──────── SOURCE MATERIAL ────────

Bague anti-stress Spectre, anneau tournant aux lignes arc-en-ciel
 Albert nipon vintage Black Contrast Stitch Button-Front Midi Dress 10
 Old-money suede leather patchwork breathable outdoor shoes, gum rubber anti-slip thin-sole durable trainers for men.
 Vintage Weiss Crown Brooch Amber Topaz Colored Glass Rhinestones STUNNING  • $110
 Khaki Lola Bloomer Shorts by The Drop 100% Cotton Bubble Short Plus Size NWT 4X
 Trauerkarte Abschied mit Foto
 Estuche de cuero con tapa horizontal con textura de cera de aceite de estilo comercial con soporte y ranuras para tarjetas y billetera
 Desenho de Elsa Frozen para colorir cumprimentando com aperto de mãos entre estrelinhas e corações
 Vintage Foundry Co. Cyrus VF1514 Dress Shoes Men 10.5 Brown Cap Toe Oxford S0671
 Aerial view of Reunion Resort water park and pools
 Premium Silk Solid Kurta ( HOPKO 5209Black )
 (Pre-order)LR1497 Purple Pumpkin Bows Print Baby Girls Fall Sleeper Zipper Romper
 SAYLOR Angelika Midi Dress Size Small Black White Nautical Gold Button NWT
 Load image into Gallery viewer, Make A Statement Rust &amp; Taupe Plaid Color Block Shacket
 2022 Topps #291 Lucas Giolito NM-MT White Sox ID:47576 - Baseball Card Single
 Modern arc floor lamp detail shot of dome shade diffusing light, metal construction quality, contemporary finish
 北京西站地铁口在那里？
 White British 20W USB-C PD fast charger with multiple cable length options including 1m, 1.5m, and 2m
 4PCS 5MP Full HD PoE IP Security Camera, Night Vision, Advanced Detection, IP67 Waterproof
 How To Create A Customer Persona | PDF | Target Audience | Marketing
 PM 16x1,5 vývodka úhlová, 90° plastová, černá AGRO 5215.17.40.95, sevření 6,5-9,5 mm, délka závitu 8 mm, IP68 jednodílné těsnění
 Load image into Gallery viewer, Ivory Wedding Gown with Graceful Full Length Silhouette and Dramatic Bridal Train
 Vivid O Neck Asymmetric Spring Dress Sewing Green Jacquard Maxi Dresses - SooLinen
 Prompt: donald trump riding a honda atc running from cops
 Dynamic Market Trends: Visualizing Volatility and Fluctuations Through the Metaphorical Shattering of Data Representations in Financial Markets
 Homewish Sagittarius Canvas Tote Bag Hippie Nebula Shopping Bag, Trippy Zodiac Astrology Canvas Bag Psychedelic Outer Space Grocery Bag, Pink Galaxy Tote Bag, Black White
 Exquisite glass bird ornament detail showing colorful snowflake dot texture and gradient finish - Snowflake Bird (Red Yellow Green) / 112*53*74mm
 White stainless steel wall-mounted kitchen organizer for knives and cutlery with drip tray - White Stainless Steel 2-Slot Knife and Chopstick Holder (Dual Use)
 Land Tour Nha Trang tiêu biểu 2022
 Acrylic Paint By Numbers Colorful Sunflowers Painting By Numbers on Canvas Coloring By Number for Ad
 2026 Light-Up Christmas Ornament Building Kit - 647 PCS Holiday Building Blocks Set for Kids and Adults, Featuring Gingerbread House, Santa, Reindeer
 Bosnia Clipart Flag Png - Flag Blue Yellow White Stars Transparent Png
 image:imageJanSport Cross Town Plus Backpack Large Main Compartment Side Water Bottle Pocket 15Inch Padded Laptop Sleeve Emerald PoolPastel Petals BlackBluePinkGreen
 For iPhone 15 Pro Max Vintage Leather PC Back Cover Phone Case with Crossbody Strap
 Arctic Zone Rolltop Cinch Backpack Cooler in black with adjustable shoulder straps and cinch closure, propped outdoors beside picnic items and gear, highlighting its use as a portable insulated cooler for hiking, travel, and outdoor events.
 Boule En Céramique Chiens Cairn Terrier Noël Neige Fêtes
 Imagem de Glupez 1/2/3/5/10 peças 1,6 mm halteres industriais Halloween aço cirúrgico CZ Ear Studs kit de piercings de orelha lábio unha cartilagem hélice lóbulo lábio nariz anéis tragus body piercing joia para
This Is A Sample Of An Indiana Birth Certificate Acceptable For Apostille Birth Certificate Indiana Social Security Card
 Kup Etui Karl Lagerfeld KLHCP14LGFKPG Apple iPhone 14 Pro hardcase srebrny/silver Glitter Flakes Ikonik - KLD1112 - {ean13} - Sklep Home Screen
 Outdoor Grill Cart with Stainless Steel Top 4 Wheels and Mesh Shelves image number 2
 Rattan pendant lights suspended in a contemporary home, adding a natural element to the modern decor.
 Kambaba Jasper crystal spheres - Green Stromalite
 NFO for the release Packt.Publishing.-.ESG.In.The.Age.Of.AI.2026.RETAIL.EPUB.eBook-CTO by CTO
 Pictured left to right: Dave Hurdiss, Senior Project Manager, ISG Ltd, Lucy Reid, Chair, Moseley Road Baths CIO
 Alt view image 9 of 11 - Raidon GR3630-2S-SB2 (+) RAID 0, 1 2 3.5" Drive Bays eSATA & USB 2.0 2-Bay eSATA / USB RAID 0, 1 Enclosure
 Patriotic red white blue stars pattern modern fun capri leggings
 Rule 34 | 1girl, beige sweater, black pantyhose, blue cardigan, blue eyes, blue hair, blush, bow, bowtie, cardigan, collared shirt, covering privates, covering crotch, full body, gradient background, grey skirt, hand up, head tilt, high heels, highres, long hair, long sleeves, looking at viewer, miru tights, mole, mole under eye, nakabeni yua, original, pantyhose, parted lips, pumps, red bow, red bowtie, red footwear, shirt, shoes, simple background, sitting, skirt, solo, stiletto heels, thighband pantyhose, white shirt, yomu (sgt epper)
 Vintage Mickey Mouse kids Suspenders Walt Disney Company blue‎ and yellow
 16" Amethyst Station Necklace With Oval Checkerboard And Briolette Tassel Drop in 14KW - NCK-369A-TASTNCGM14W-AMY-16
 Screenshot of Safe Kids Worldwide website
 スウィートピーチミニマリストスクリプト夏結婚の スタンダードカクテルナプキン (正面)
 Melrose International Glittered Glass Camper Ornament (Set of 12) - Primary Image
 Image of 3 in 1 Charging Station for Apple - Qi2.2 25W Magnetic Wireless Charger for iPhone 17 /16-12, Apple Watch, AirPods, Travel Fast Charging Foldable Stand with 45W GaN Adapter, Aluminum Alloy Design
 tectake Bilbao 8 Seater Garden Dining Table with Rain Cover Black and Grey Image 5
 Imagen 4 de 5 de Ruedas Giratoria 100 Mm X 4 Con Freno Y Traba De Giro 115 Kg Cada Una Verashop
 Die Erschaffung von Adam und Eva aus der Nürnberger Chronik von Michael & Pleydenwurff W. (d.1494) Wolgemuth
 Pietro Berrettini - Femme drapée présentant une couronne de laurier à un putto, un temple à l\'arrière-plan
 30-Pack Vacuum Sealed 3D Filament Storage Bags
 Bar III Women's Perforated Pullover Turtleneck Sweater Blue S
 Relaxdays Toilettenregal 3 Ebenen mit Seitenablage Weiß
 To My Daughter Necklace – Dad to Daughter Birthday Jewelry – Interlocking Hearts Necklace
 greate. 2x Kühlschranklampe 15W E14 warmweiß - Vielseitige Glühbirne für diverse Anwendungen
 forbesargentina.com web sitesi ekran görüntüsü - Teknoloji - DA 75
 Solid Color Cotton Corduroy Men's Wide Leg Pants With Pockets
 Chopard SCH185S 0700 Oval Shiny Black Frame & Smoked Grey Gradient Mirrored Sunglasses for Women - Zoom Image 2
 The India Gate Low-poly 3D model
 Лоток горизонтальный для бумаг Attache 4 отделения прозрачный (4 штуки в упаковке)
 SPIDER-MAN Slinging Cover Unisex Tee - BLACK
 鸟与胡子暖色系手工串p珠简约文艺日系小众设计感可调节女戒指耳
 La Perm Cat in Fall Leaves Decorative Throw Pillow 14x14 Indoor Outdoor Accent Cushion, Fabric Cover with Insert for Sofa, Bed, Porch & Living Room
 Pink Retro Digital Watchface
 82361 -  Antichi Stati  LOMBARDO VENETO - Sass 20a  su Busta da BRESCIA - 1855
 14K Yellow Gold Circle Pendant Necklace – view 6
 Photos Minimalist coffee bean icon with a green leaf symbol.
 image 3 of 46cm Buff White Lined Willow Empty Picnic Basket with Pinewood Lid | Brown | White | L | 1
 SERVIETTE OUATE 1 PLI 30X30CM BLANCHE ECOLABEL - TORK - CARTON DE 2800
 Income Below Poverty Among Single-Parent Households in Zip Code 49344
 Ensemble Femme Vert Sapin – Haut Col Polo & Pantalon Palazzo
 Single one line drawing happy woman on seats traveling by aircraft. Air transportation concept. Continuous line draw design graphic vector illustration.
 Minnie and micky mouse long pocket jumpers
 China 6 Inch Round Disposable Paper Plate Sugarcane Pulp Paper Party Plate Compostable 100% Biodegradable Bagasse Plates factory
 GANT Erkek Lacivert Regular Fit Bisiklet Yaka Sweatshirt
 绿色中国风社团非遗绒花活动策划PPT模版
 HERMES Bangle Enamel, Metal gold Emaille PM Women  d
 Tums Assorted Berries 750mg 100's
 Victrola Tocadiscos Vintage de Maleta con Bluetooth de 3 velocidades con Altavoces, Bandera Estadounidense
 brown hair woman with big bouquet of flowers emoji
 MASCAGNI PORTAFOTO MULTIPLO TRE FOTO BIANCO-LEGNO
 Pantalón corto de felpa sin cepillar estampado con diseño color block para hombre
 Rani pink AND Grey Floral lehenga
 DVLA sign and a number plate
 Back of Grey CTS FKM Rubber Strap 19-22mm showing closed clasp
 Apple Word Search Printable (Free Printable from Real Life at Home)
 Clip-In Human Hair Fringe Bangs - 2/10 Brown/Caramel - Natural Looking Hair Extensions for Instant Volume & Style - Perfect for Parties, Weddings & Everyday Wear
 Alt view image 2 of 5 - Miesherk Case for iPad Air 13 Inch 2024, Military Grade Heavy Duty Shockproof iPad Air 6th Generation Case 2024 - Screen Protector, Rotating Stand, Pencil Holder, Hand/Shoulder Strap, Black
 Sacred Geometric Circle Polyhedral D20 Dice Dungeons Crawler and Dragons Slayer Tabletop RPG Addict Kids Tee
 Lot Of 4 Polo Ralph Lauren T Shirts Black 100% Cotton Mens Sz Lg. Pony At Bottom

────────

» EXERCISE DETAILS:
Reproduce exactly the lines from the beginning of the entries above up to and including the line that contains "Premium Silk Solid Kurta ( HOPKO 5209Black )".

» THE COMPLETED TASK:
Bague anti-stress Spectre, anneau tournant aux lignes arc-en-ciel
 Albert nipon vintage Black Contrast Stitch Button-Front Midi Dress 10
 Old-money suede leather patchwork breathable outdoor shoes, gum rubber anti-slip thin-sole durable trainers for men.
 Vintage Weiss Crown Brooch Amber Topaz Colored Glass Rhinestones STUNNING  • $110
 Khaki Lola Bloomer Shorts by The Drop 100% Cotton Bubble Short Plus Size NWT 4X
 Trauerkarte Abschied mit Foto
 Estuche de cuero con tapa horizontal con textura de cera de aceite de estilo comercial con soporte y ranuras para tarjetas y billetera
 Desenho de Elsa Frozen para colorir cumprimentando com aperto de mãos entre estrelinhas e corações
 Vintage Foundry Co. Cyrus VF1514 Dress Shoes Men 10.5 Brown Cap Toe Oxford S0671
 Aerial view of Reunion Resort water park and pools
 Premium Silk Solid Kurta ( HOPKO 5209Black )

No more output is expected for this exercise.